NY/NJ Baykeeper was founded in 1989 by Andrew Willner, who had previously started a small boat building and repair yard on Staten Island. Willner’s daughter, who was 10 years old, visited the yard and it made Willner angry that she could not go swimming in the waters off Staten Island due to pollution. Willner saw firsthand the devastating effect the Exxon Bayway Oil Spill had on the Arthur Kill.
After Willner found out that there was a Riverkeeper on the Hudson River, a Soundkeeper in Long Island, and Baykeepers in Delaware and San Francisco. he began communicating with them and they helped him launch the Baykeeper program in the summer of 1989. Willner worked with NY/NJ Baykeeper for twenty years, until April 2008.
Today, we serve as the citizen advocate for the harbors, bays, streams, and shores of the NY-NJ Harbor Estuary by preserving and restoring habitat, influencing land use decisions, stopping polluters, championing public access, and educating the public.
To date NY/NJ Baykeeper has:
- Established the Safe Harbor Coalition in response to the 1990 Exxon/Arthur Kill oil spill, resulting in tens of millions of dollars in Natural Resource Damages recovery for the Estuary.
- Created the largest citizen water-quality monitoring program in the region, with more than 150 volunteers in New York City and northern New Jersey. This program built a tremendous interest in protection of the Estuary.
- Continues to be the only on-water citizen patrol presence in the Raritan Bay, with staff and more than twenty Baykeeper Auxiliary volunteers patrolling for violations.
- Advocated successfully for the establishment of the Meadowlands Conservation Trust, a public-private land trust created through NJ legislation.
- Successfully advocated for the preservation of Liberty State Park, resulting in the defeat of several golf courses and water parks, and eventually the ouster of the ineffectual for-profit management corporation at New Jersey’s most visited urban park. We established the Liberty State Park Conservancy to restore the interior of the park as forest, wetlands, and wildflower meadows.
- Worked in coalition with Newark, NJ, youth groups to restore sections of the Second River tributary to the Passaic and with local conservationists to preserve important floodplain land in the Third River tributary.
- Along with a cross-harbor coalition of grassroots organizations, including Save the Bay and NRPA of Staten Island, defeated a 2300 acre toxic mud island proposed by the Corps of Engineers for the most sensitive part of Raritan Bay.
- Created multi-language fish advisory in both New York and New Jersey brochures to be handed out at urban fishing sites , as well as distributing a video to women’s health clinics. This was in response to observations and reports of “subsistence” fishermen eating contaminated seafood from the harbor,
- An original participant in the Dredged Materials Management Work Group, and with Rutgers Environmental Law Clinic, Tri-State Transportation Campaign, and NRDC, guided efforts to limit channel deepening and establish “green port” principals. As a direct result, the Army Corps altered its Dredged Materials Management Plan recommendations.

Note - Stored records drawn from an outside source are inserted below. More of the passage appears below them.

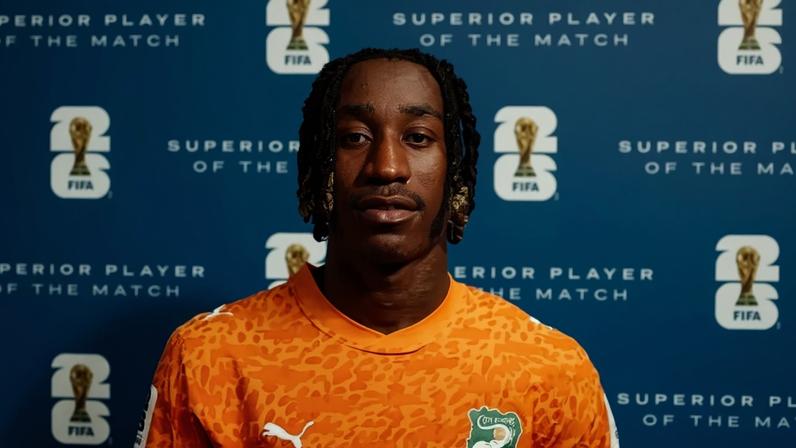 Yan Diomandé ganhando o prêmio de "Superior Player of the match" após partida contra o Equador na Copa do Mundo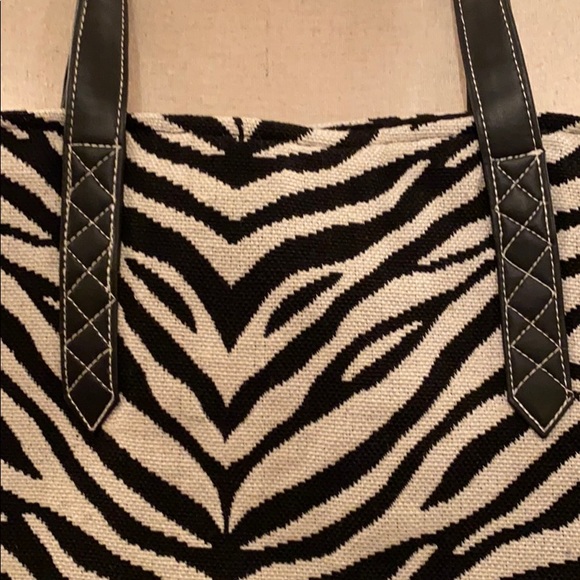 Zebra Print Tote Bag - Picture 2 of 5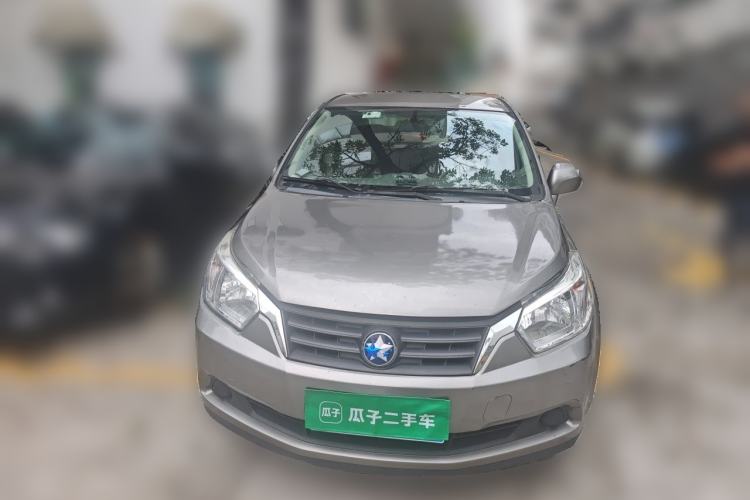 Used Venucia D50 2013 1.6L Automatic Fashion Edition Front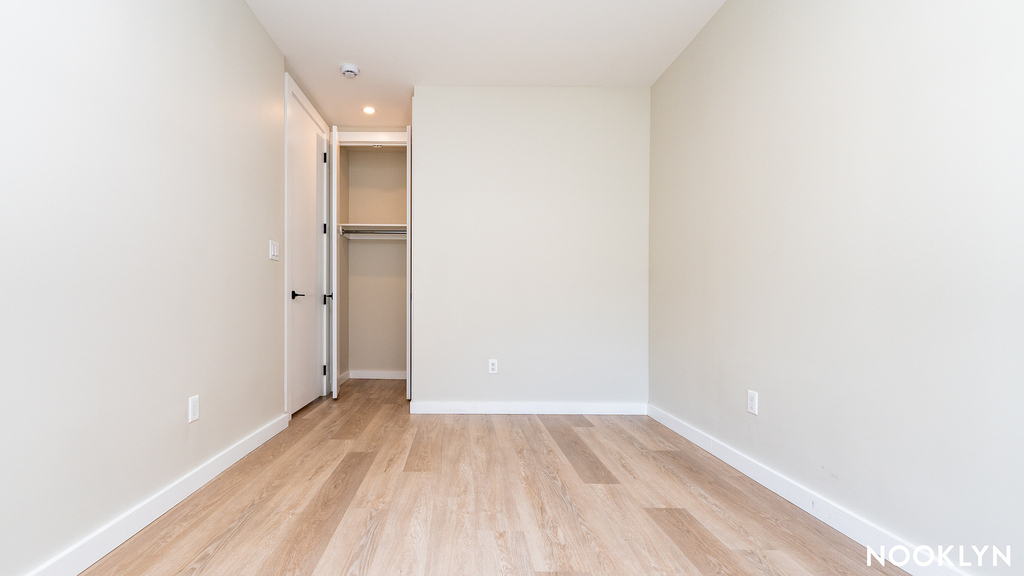 1584 Fulton St - Photo 13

- Along with NRDC, Coalition for the Bight, RPA and others, Baykeeper has successfully lobbied Congress and the States for millions of dollars for harbor habitat projects.
- Worked with the Port Authority to get $60 million to acquire critical habitats in New Jersey and New York City, which was based on the Harbor Estuary Program (HEP) critical habitat lists.
- Worked with the same coalition to get the Corps of Engineers to commit to a NY-NJ Harbor Estuary habitat restoration program resulting in the Comprehensive Restoration Project/HRE and a partnership of government and non-governmental organizations engaged in planning for large-scale wetlands, wet forest and habitat restoration projects.
- NY/NJ Baykeeper is a member of the Harbor Roundtable, a group of government and NGO’s currently promoting habitat restoration. Our oyster restoration project was critical in getting consensus from this group that oysters and eel grass restoration should be the first project considered.
- Along with our partners (Natural Resources Defense Council, Environmental Defense, Rutgers University Environmental Law Clinic, Hackensack Riverkeeper, and Columbia University Environmental Law Clinic) NY/NJ Baykeeper began a process to establish a NY-NJ Harbor Estuary Conservancy , the principles of which continue to guide the identification and acquisition of urban habitats which were previously not considered viable by federal, state, county, municipal, or private land trusts. Baykeeper has facilitated the transfer of critical habitat areas from private to public owners throughout the urban part of the Estuary in New Jersey.